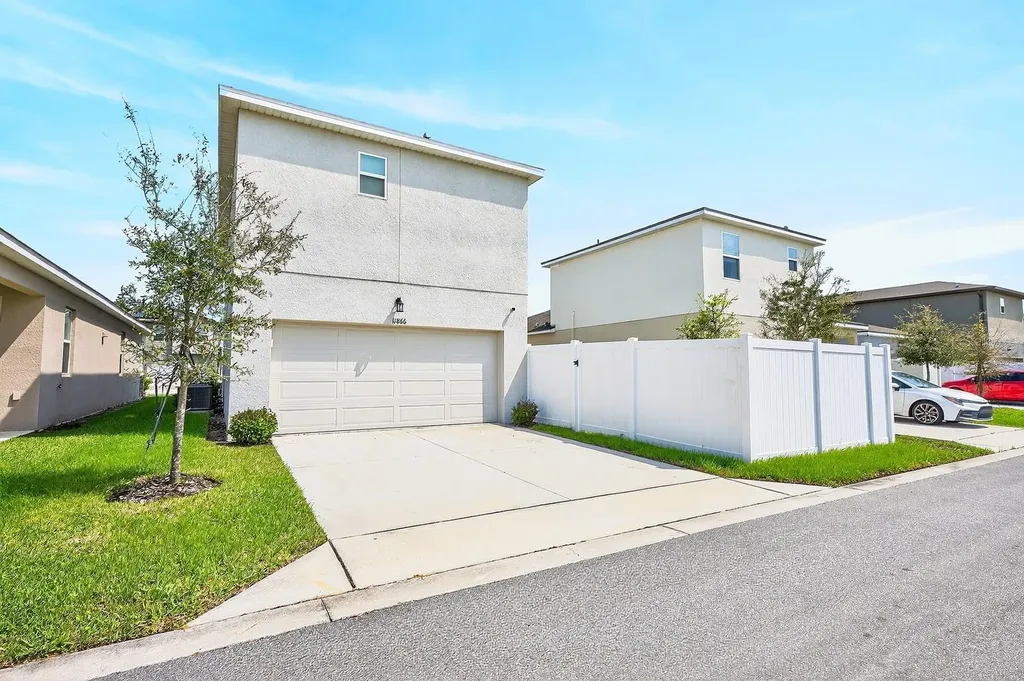 11866 Sunsail Avenue Orlando FL 32832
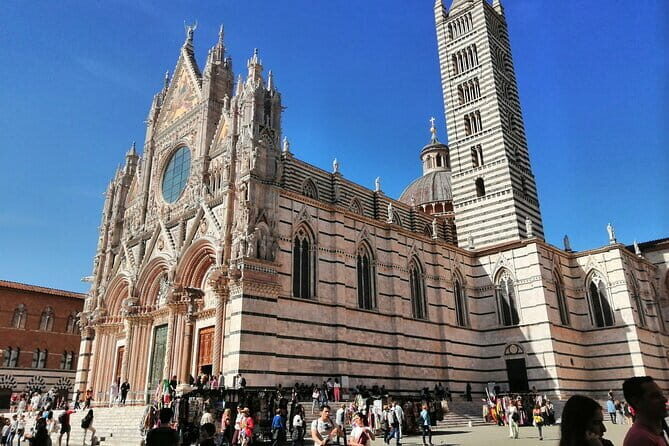 San Gimignano, Siena, Monteriggioni: Fully Escorted Tour, Lunch & Wine Tasting - Who Should Book This Tour?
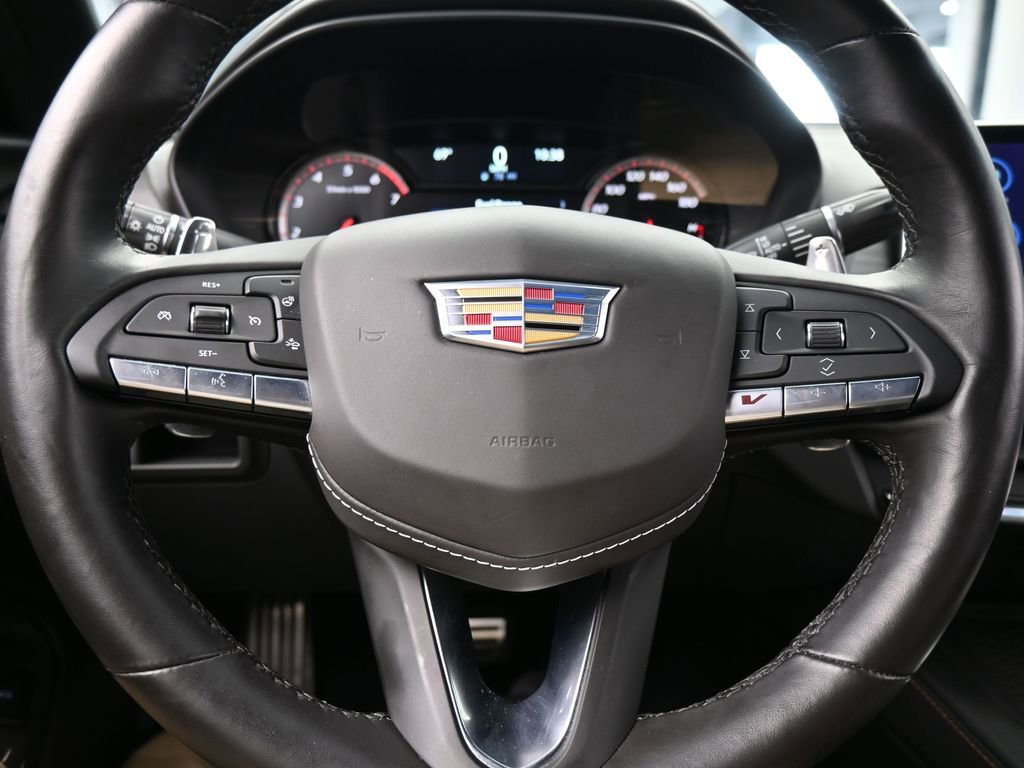 Used 2025 Cadillac CT4 V RWD image 30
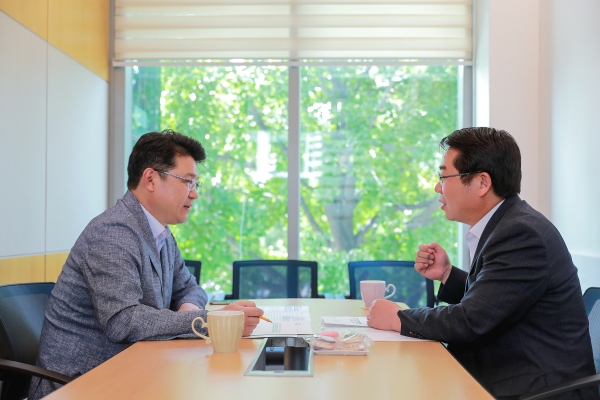 복기왕 정무비서관과 만나 환담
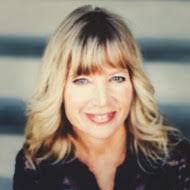 Tracey Brummett's Instagram, Twitter & Facebook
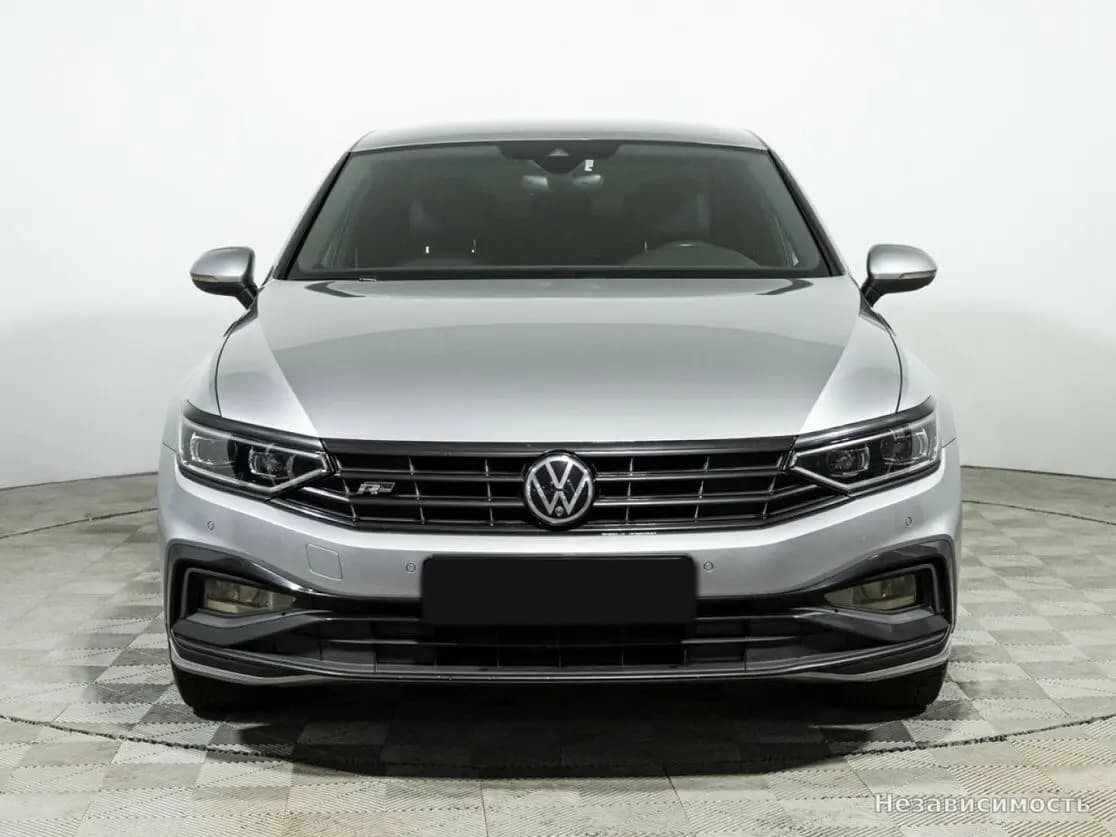 Volkswagen Passat 2021 с пробегом — фото 2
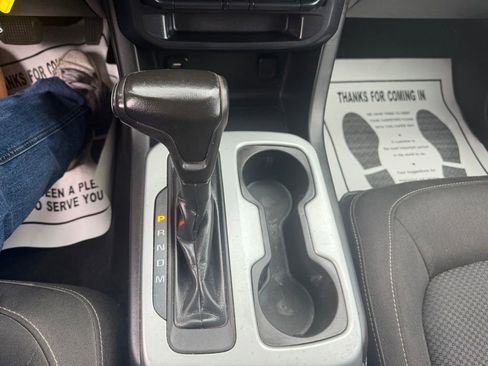 Used 2015 Chevrolet Colorado LT AWD/4WD image 22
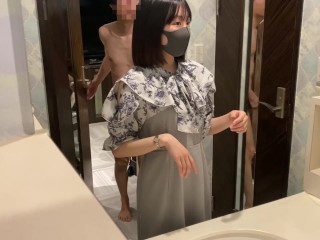 洗面所で帰り支度をしていた可愛い彼女にいきなりちんぽを咥えさせて生ハメ立ちバック。正常位で潮吹き、最後は中出し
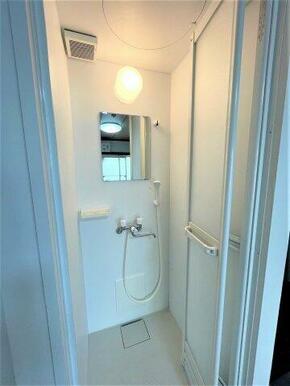 ゆったりめのシャワー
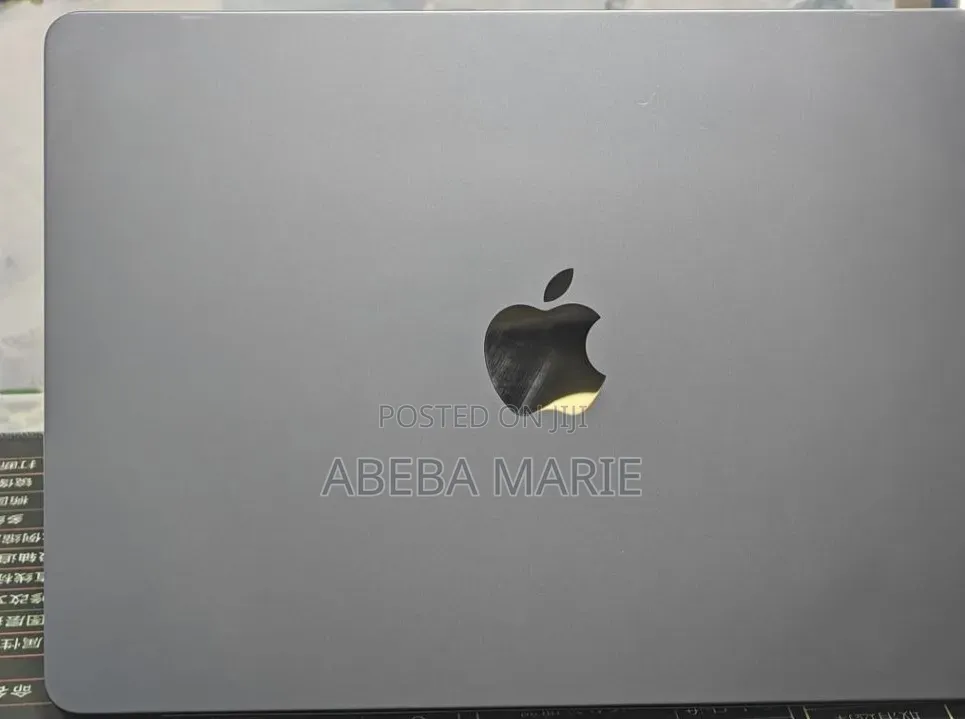 New Laptop Apple MacBook Air 2022 M2 16GB Apple M2 SSD 512GB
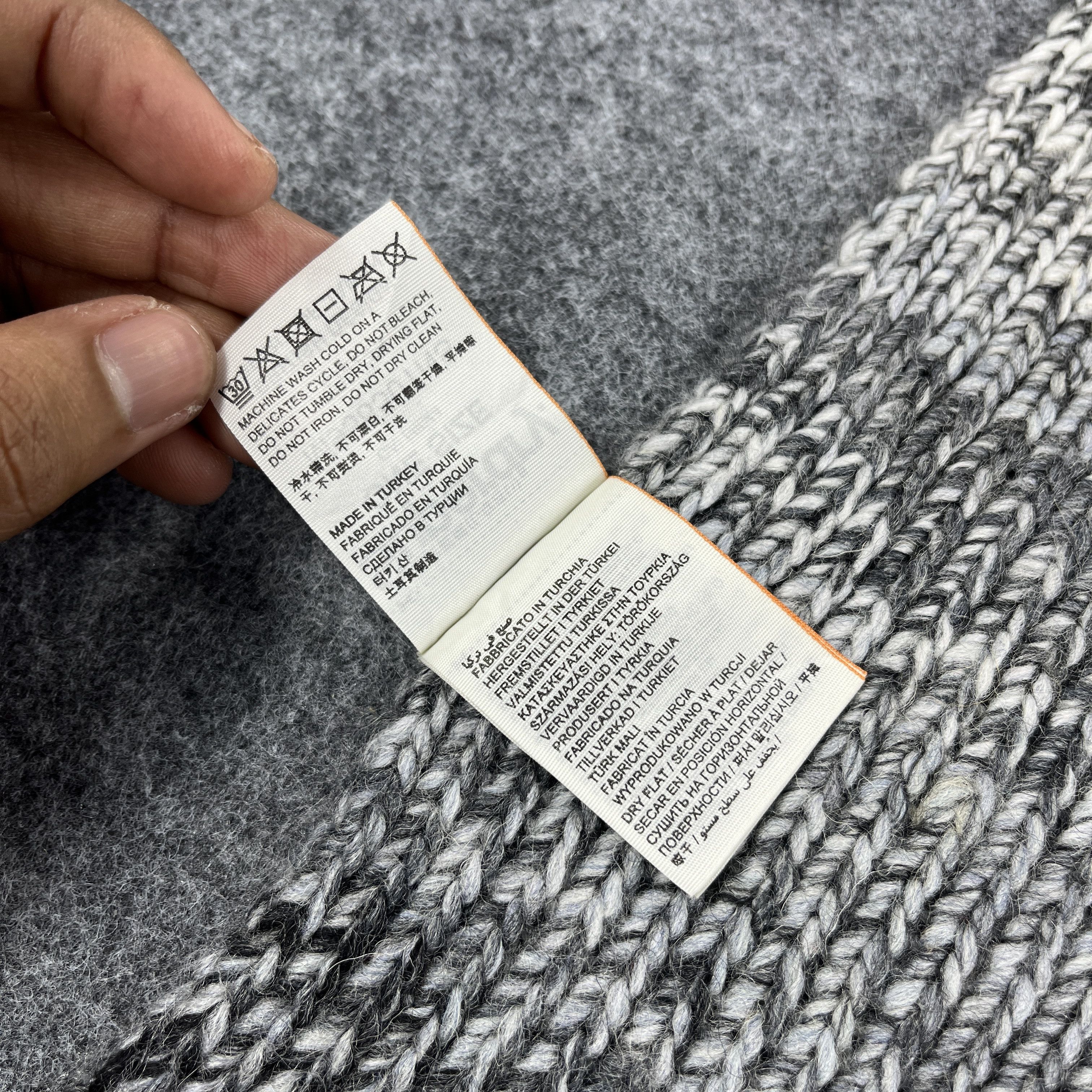 Japanese Brand Superdry Scarf / Muffler / Neckwear T881 Size ONE SIZE - 7 Thumbnail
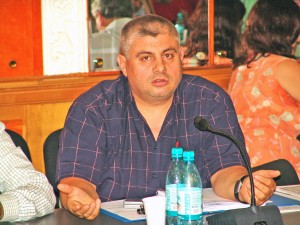 Întortocheate-s drumurile ţărăniştilor: De-a râsu&#039;-plânsu&#039; la PNŢCD Galaţi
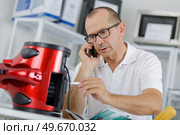 man asking for the machine's part. Стоковое фото, агентство Ingram Publishing / Фотобанк Лори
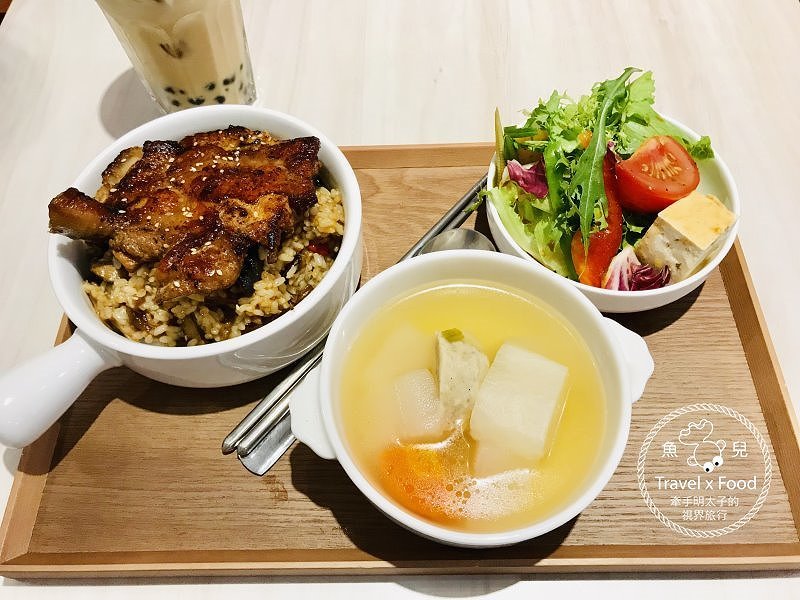 【食】桃園◆ Fussen Coffee 福森院子早午餐、舒芙蕾熱鬆餅 @魚兒 x 牽手明太子的「視」界旅行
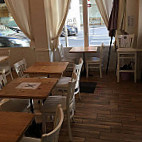Le Café De Chloé inside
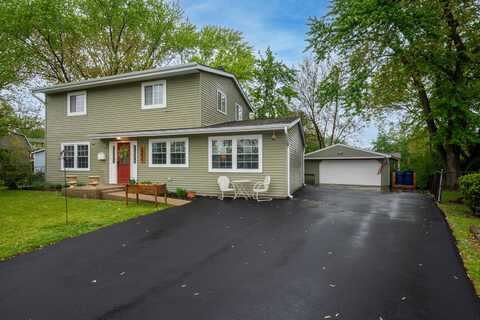 18450 W Streamwood Court, Gurnee, IL 60031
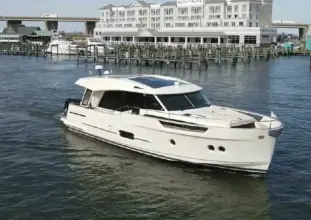 Thumbnail von Greenline 48 Coupe Hybrid Safe Haven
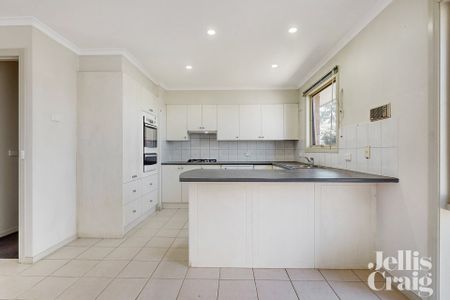 2/10 Denver Street, Bentleigh East - Photo 5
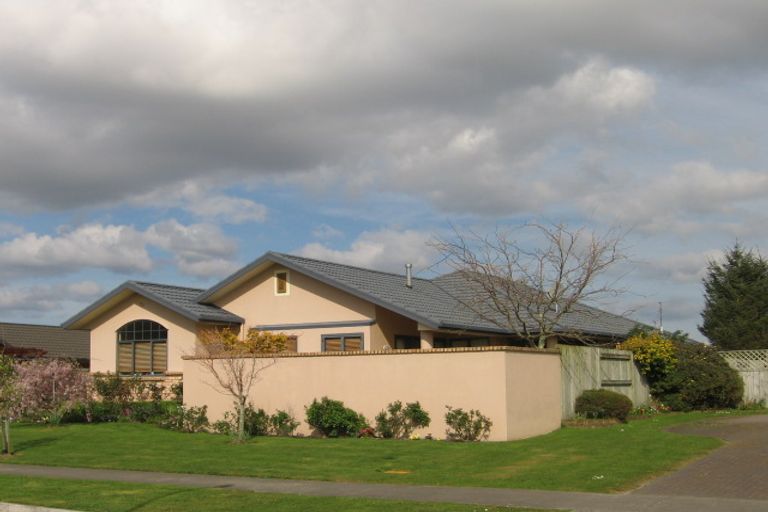 Photo of property in 7 Mccahon Drive, Pukehangi, Rotorua, 3015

+---+

* [What you have to do]
In the listing above, find the line with "福森院子早午餐、舒芙蕾熱鬆餅 @魚兒 x 牽手明太子的「視」界旅行" and the line with "2/10 Denver Street, Bentleigh East - Photo 5". Transcribe those two and everything between, exactly, leaving out pictures.

* [Solution]
 【食】桃園◆ Fussen Coffee 福森院子早午餐、舒芙蕾熱鬆餅 @魚兒 x 牽手明太子的「視」界旅行
Le Café De Chloé inside
 18450 W Streamwood Court, Gurnee, IL 60031
 Thumbnail von Greenline 48 Coupe Hybrid Safe Haven
 2/10 Denver Street, Bentleigh East - Photo 5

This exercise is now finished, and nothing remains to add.